PROMPT:
Return the data word for word. Pictures are to be omitted.

COLLECTED MATERIAL:
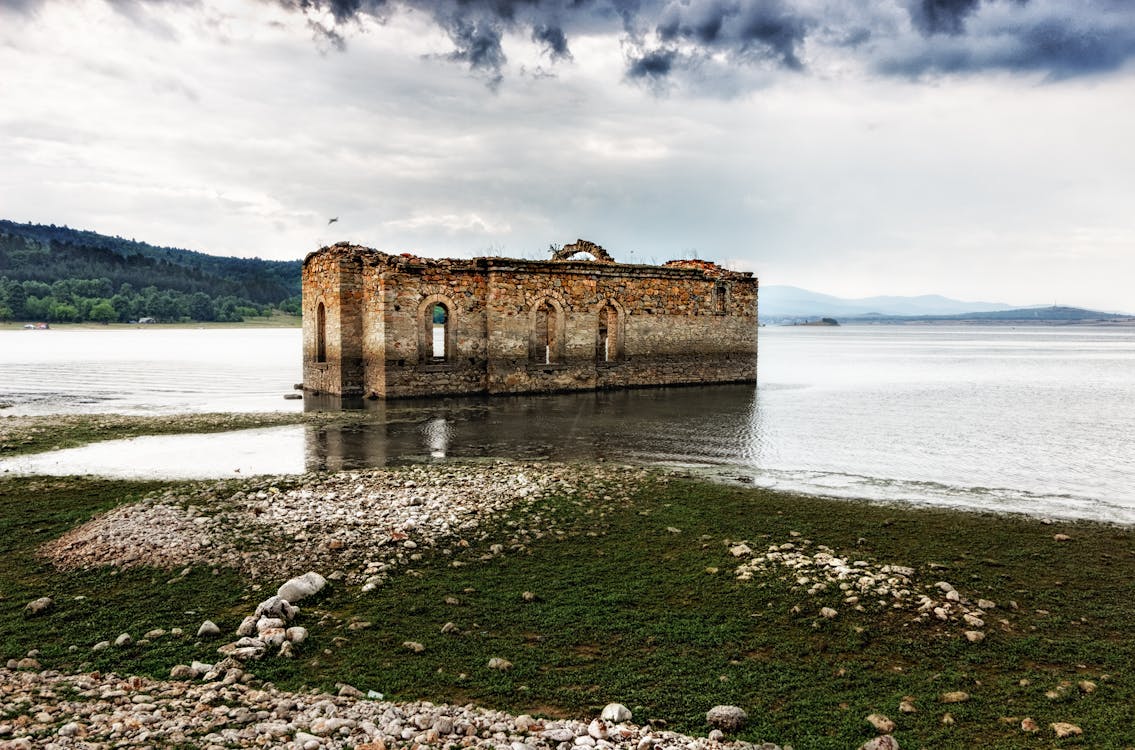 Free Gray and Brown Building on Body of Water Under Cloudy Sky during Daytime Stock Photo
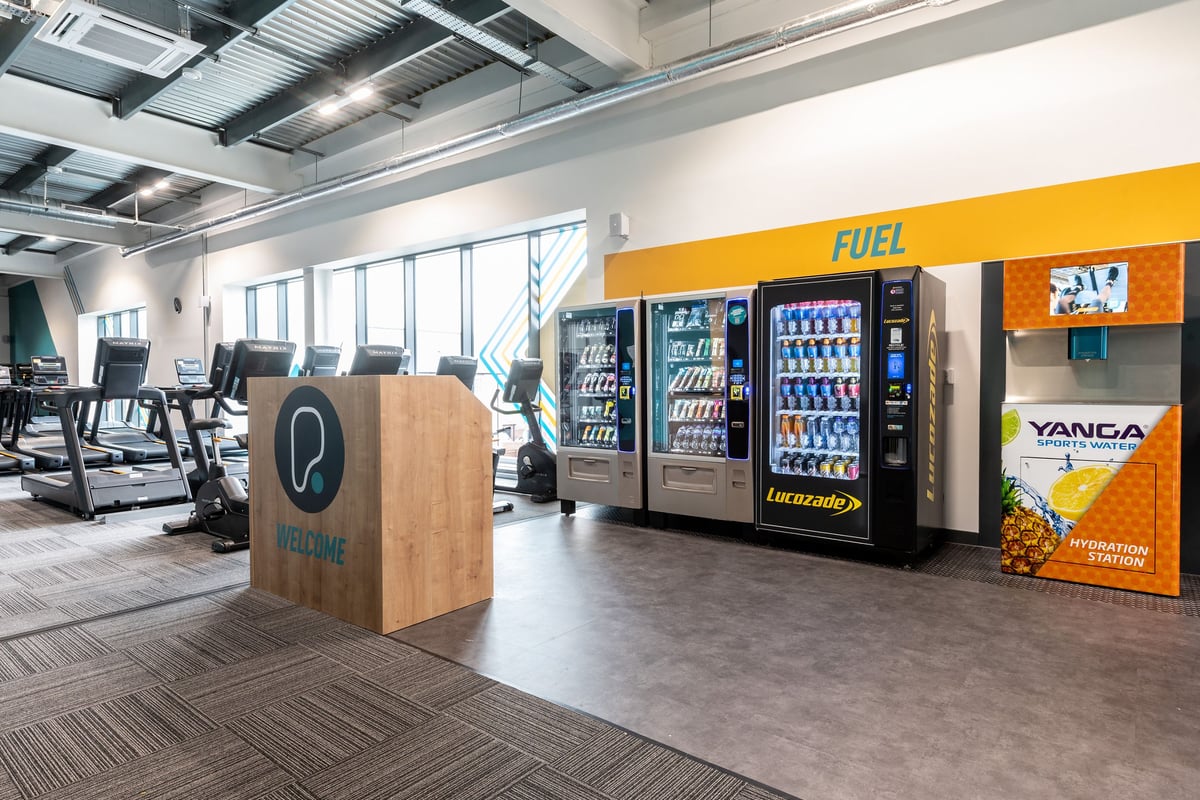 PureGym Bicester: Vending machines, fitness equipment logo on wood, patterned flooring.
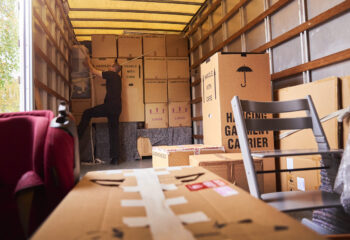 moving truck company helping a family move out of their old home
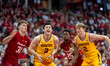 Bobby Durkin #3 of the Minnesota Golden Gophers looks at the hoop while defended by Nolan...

WRITTEN SOLUTION:
 Free Gray and Brown Building on Body of Water Under Cloudy Sky during Daytime Stock Photo
 PureGym Bicester: Vending machines, fitness equipment logo on wood, patterned flooring.
 moving truck company helping a family move out of their old home
 Bobby Durkin #3 of the Minnesota Golden Gophers looks at the hoop while defended by Nolan...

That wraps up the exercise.